“ポチャティブ”(ぽっちゃり+ポジティブ)な「マシュマロ女子」が大人気!?
2013年12月10日、突如として、ツイッターから「マシュマロ女子」現象は始まった。
3月に創刊した、日本初のぽっちゃり女子のおしゃれ応援マガジン『la farfa(ラ・ファーファ)』(ぶんか社ムック)のVOL.4 (11月20日発売)の「マシュマロ女子」と大きく記された1ページの写真が、ハンドルネーム「バター犬」(@_xiri)さんによって投稿された。
同誌のそのページには「ふわモコアイテムで毎日ガーリー」と書かれており、本来は、ぽっちゃり女子の冬用のふわふわモコモコした少女っぽいファッションを編集部が形容した言葉だった。
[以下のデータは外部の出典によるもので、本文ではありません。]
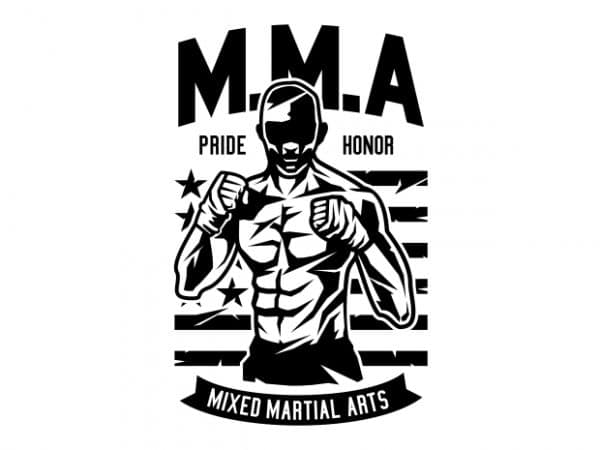 Mma fighter vector t-shirt design template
ところが、「マシュマロ女子」という言葉とビジュアルのインパクトから、そのツイートが話題を呼び、6000件以上もリツイートされ、ネット上に一気に拡散。そして、同日、2ちゃんねる上にスレッドが立ち、700件以上もの書き込みがあった。
「マシュマロ女子」としてネットから一躍有名になったモデルの後藤聖菜さんのツイート
その間に、ページに掲載されていたモデルがふくよかな体型だったことから、「マシュマロ女子」という言葉が、ぽっちゃり女性の新しい呼び方として広まり、ネット上の話題を席巻。10日には約2万9000人、11日には1万7000人が「マシュマロ女子」という単語を引用。「Yahoo!」の検索急上昇ワードの2位に躍り出るほどの反響を呼んだ。
ネット発の社会現象となり、「マシュマロ女子」という言葉とともに、そのモデル、後藤聖菜(ごとうせいな)さんは一躍時の人に。12日には、彼女のブログへのアクセス数は13万件を超え、アメブロ(アメーバブログ)の分野別ランキングで1位に輝いた。その後、テレビ各局で、ワイドショーに始まり、ニュース番組に至るまで、連日、「マシュマロ女子」に関する報道が続いている。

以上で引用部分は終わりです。